You don’t move to a neighborhood for food - even the most die-hard burrito fanatic isn’t packing up and moving to the Mission for better access to flour tortillas and carne asada, no matter how “transcendent” they claim it is. You move to a neighborhood because of things like rent, and how far it is from your tech company’s wifi-enabled, mobile office pickup spot. But part of the fun of choosing a neighborhood is exploring it to see what kind of food you have easy access to, and if you end up in the Richmond, that means everything from Burmese and French to dumplings. Amongst all of that, though, is Violet’s - a nice neighborhood spot with good cocktails and better food that anyone should be happy to wind up living around the corner from.
It’s almost sneaky how good the food is here because if you heard about this place based on looks alone, it would be a story you’ve heard a million times. It’s a small spot trying to blur the line between between being a neighborhood restaurant and somewhere that takes a month to get a table. Everyone from grandmas having a ladies’ night and families with middle school-aged kids are in the mix with the 20 and 30-something couples here on midweek dates. No one is overdressed and everyone is relaxed - it gives you the feeling that the people here live close by and that coming to Violet’s is a good way to mix things up in the middle of the week.
As for the food itself, the menu is a little odd and full of borderline throwbacks, like baked oysters, devils on horseback, broccoli gratin, and a dinosaur of a Shrimp Louie roll that we thought only still existed at places like Swan Oyster Depot. But none of the food feels like it’s here just for novelty’s sake (maybe the shrimp roll) - it all fits in, from the burger you could see yourself eating alone at the bar to that broccoli gratin that you’ll have no choice but to share with two people.
You could also come here with someone to just split a few small plates over cocktails and you’d leave happy because the small plates aren’t just an on-ramp to the bigger dishes, they’re just as good. When you eat the house chips and dips, you’ll keep going back and forth between the onion dip and the pate trying to decide which you like more, you’ll keep staring at your friend’s last bit of clam toast they haven’t eaten yet for some reason, and if the poisoned dates in Raiders of the Lost Ark were their devils on horseback, Indy would’ve happily eaten them anyway.
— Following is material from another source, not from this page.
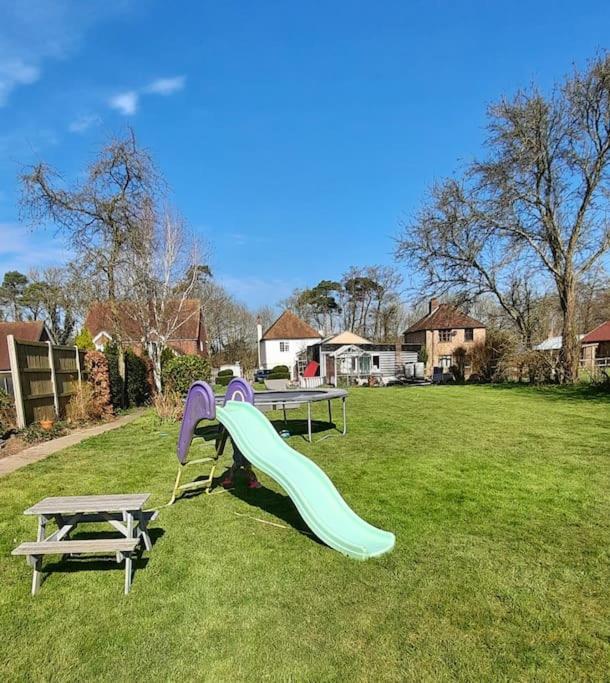 Sycamore Lodge Kent With Ev Zappi Type 2, Swimming Pool For A Fee Sellindge ภายนอก รูปภาพ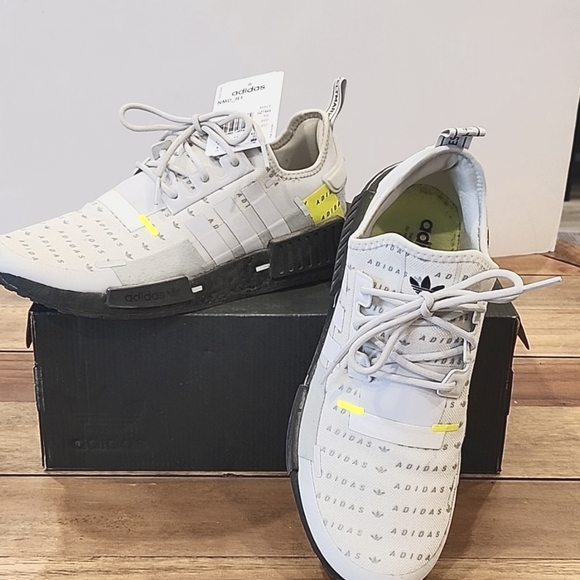 Adidas NMD R1 Originals in perfect condition size 8. - Picture 1 of 5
For the large plates, the burger is solid with a house-spicy sauce and a poppy seed bun, and the scallops are perfectly cooked. But the thing you need to pay attention to here is the pork chop. This is what a pork chop should be, perfectly grilled and with a lot of black pepper. There will be zero shame in you heart when you pick up the bone and gnaw at it once all the meat is gone. That’s how it is with nearly everything here - from the panzanella to the key lime pie, you won’t want to leave anything behind.
At a lot of neighborhood restaurants, you trade some quality for convenience, but at Violet’s that trade off is minimal. Really the worst that can happen to you here is that you end up waiting for a table, both because it’s small and because it’s good enough to be packed on a random Monday. But they take reservations, so if you plan ahead you’ll be fine. If you don’t live in the Richmond and don’t want to make the trip out here, you’ll just be making the wait times shorter for the people who do, and they’ll silently thank you as they have a cocktail with their pork chops, happy that they live nearby.
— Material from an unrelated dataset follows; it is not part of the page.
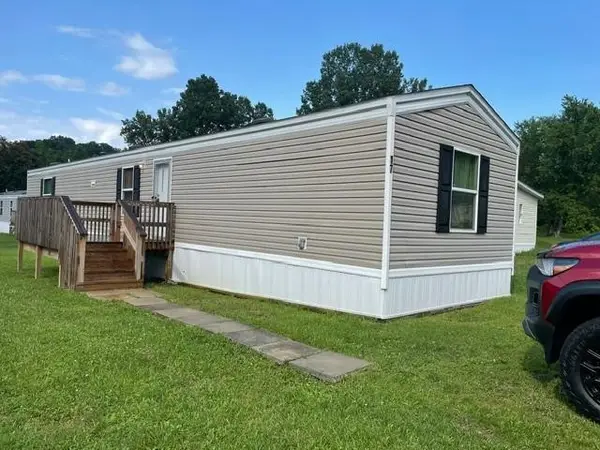 17 Shellie St #C-9, Uniontown, PA 15401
Fresh potato chips with roasted onion dip and duck liver pate. The pate can be a little salty sometimes, especially when you eat it with a salty chip, but it’s still really good pate. As for the onion dip, Ruffles doesn’t stand a chance.
These are dates wrapped in bacon and stuffed with blue cheese. They’re small, but the blue cheese has a big kick and they should be on your table.
This is their burrata dish. The cheese is essentially the creamy inside to the burrata without the mozarella outside, and it comes with toasted bread, delicata squash, and persimmon. Pull out your phone’s timer and see how long this lasts.
Marinated clams with lemon aioli on thick slabs of bread. Really good, but not super vital.
You’ll pray for a cold or rainy day so you can justifiably eat this cheesy, nostalgic casserole from 1963.
A little cold, but they’re good Southern biscuits, and the cultured butter and honey they’re served with save them.
A solid burger with house-spicy sauce and crispy fries. If you’re in the mood for a burger, no one’s stopping you.
The setup on this dish changes, but the scallops are always great. The pesto white beans and tomato version is a complete winner.
This is a pork chop.
Some key lime pie is so sour that your face sucks itself inside out. This one is not that. It’s not too sweet, not too sour, and way better than that freezer-burned Ben and Jerry’s back at your place.